I will check with and without “governor-performance” scripts, and tell what difference it makes as well.

But in the end everything looks ok at this moment. The speeds are like in the blog post.

tkaiser · October 11, 2022, 12:05pm

This tool is known for generating random BS numbers, e.g. 840 MB/sec on a VIM4 that can’t physically exceed 500 MB/s. No idea what this benchmark is actually doing but it’s not testing storage performance. And BTW: this is pretty common with this type of benchmarks…

With RK3399, a good SSD and appropriate benchmark methodology really testing direct i/o with Gen2 speeds you should get numbers exceeding 1400 MiB/sec both reading and writing. RockPro64 example and Theobroma Systems’ RK3399-Q7 SOM example.

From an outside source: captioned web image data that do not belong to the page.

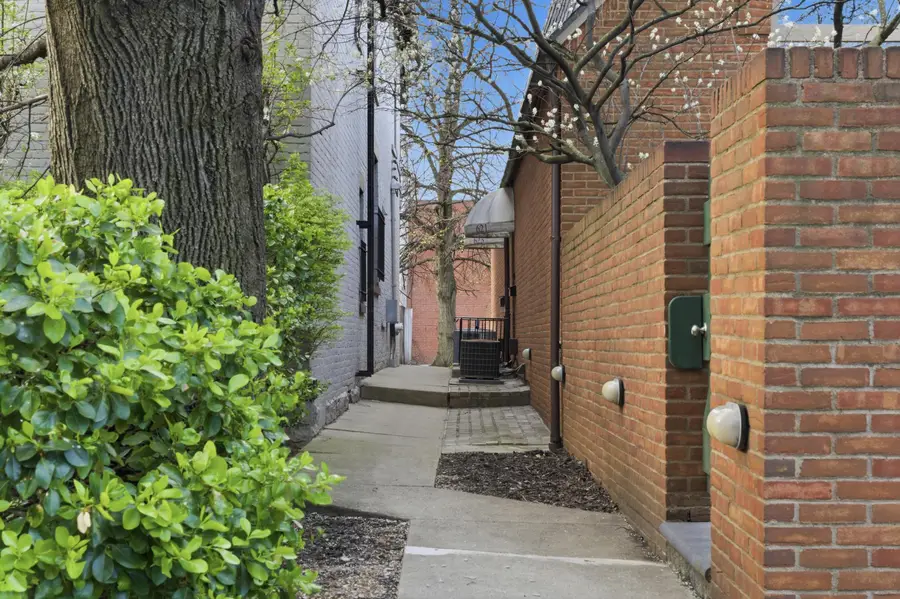 623 Franklin Avenue, Columbus, OH 43215 - #3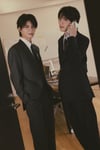 雑誌「Oggi」より、スーツ姿の杢代和人（左）と小泉光咲（右）。
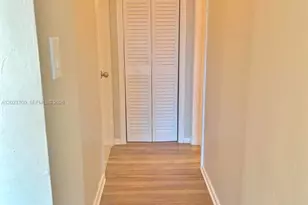 2201 Brickell Ave, Miami, FL 33129 - Photo 3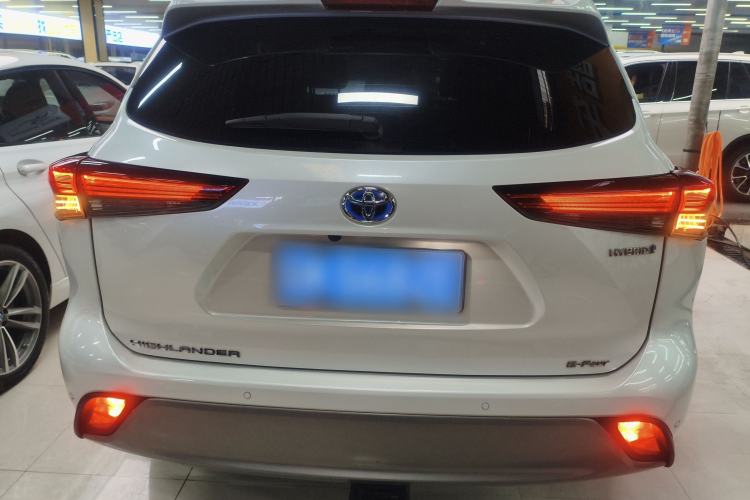 Used Toyota Highlander 2022 Dual-Engine 2.5L Four-Wheel Drive Prestige Version 7 Seats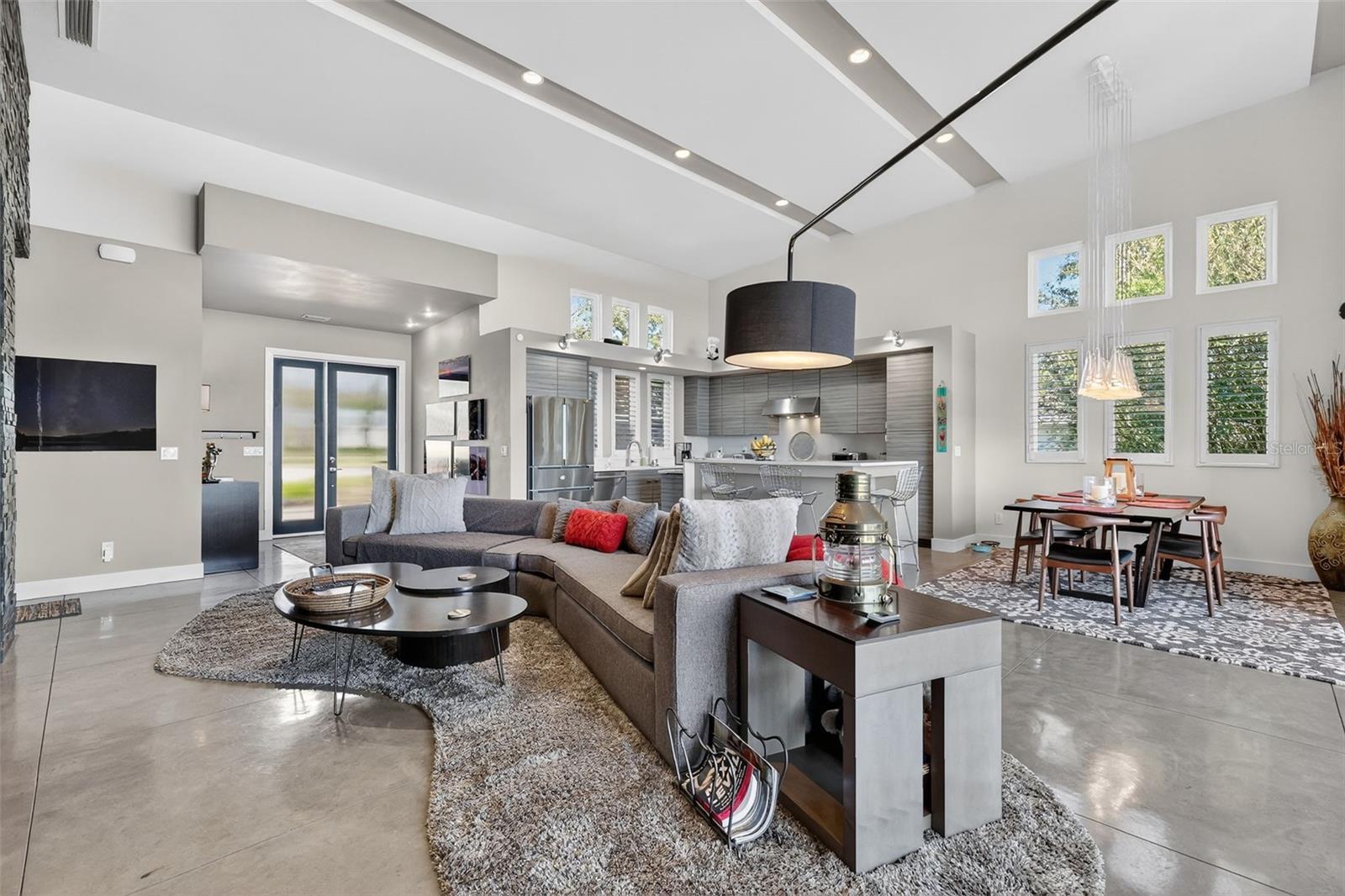 LAKE GERTRUDE MANOR - Residential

With fio and a bit of parallelism even exceeding 1500 MiB/s is possible.

Moral of the story: lspci confirmed that you’re now useing a higher PCIe link speed and also have no problems with link width (dusty/dirty contacts can result in just a x2 or even an x1 connection). And asides what all these benchmarks tell I guess in reality you’re after better real-world storage performance? And this is sabotaged by ignorance at Radxa’s side who ship with crappy settings

You can compare what’s happening when setting cpufreq governor to performance and powersave. The former brings the optimal storage performance while the latter is what you’ll get with real-world tasks since Radxa’s ondemand settings result in the CPU cores being most of the times on lowest cpufreq with I/O tasks. So even if a benchmark will tell you ‘everything is fine’ real-world storage performance is not

rrzayev · October 11, 2022, 12:20pm

Ok, I got it. Is there any specific command/tool that you would recommend for the benchmark (since 'disks", and “hdparm” are not suitable) ?

This is output of /etc/default/cpufrequtils:
GOVERNOR="performance"

As you can see, I don’t have line starting with “ENABLE”, and performance keyword is in double-quotes.

Is it normal?

tkaiser · October 11, 2022, 12:28pm

The contents should be fine. But as already said you need to either reboot or do a systemctl restart cpufrequtils. It’s important that the following reads performance:

cat /sys/devices/system/cpu/cpu?/cpufreq/scaling_governor

(or if you want to see what’s happening with lowest clockspeeds, then replace performance with powersave).

For testing do a sudo apt install iozone3, then chdir to the mountpoint of your SSD and then simply:

iozone -e -I -a -s 1000M -r 16384k -i 0 -i 1

This will only test sequential read/write performance and the -I ensures that storage and not filesystem buffers or caches are tested.

rrzayev · October 11, 2022, 1:16pm

Thank you very much. I tested powersave vs performance options, results in MB/s are below:

SETTINGS *********** WRITE ** READ

pcie-1 powersave **** 510 ***** 481
pcie-1 performance ** 682 ***** 607
pcie-2 powersave **** 835 ***** 722
pcie-2 performance ** 1055 **** 974

Also, when switched to powersave, I noticed that system becomes pretty slow (in terms of response time).

rrzayev · October 11, 2022, 1:58pm

One final thing. I checked default speed where
cat /sys/devices/system/cpu/cpu?/cpufreq/scaling_governor is ondemand
vs when we modify it to be performance.

According to the results, it seems that ondemand performance seems pretty good(doesn’t differ from performance).

Perhaps there is no need to deal with performance at all?